Going from creating sketches to a feature film was a challenge in various ways, but McCary and company viewed the process as “ultimately something that both of us see ourselves transitioning to and felt really comfortable doing it.”

With some help from fellow SNL cohorts, The Lonely Island (made up of Andy Samberg, Akiva Schaffer and Jorma Taccone), and Lord Miller Productions, McCary and Mooney were able to carve out character arcs and production details they otherwise don’t have to address with SNL.

“Whenever we hit a snag or had a question, it was nice to have these mentors who had been through this experience, who really knew where we were coming from and had such a similar path to ours,” McCary explained. “They were our idols when we first started making videos so it was really special to have them be supportive throughout every stage of the process.”

Mooney said, the film “was made with love by people who are friends in real life.” The Good Neighbor fellas nearly paralleled their own story straight into Brigsby Bear (sans abduction).

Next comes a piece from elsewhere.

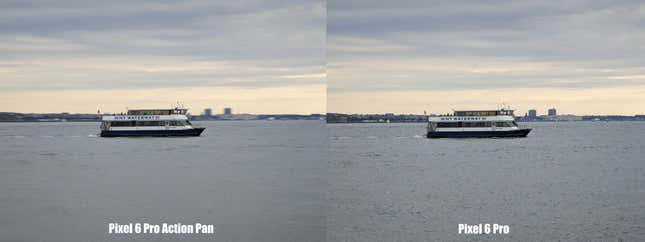 Pixel 6 Action Pan sample pic
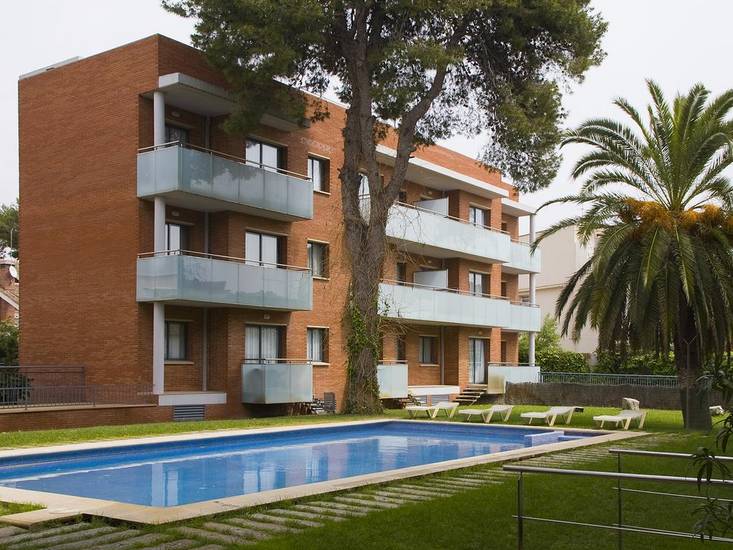 SG Costa Barcelona Apartments Испания, Кастельдефельс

A storied passion for comedy led Mooney and McCary to work with their own Lonely Island idols; that same passion, written into James, earned him a chance to finish Brigsby’s story and close off a portion of his life that is no longer accessible. Though James may have come from a different place as his friends, the universal power of art is what strings all other aspects of his new life together.

Brigsby Bear is now playing in San Francisco.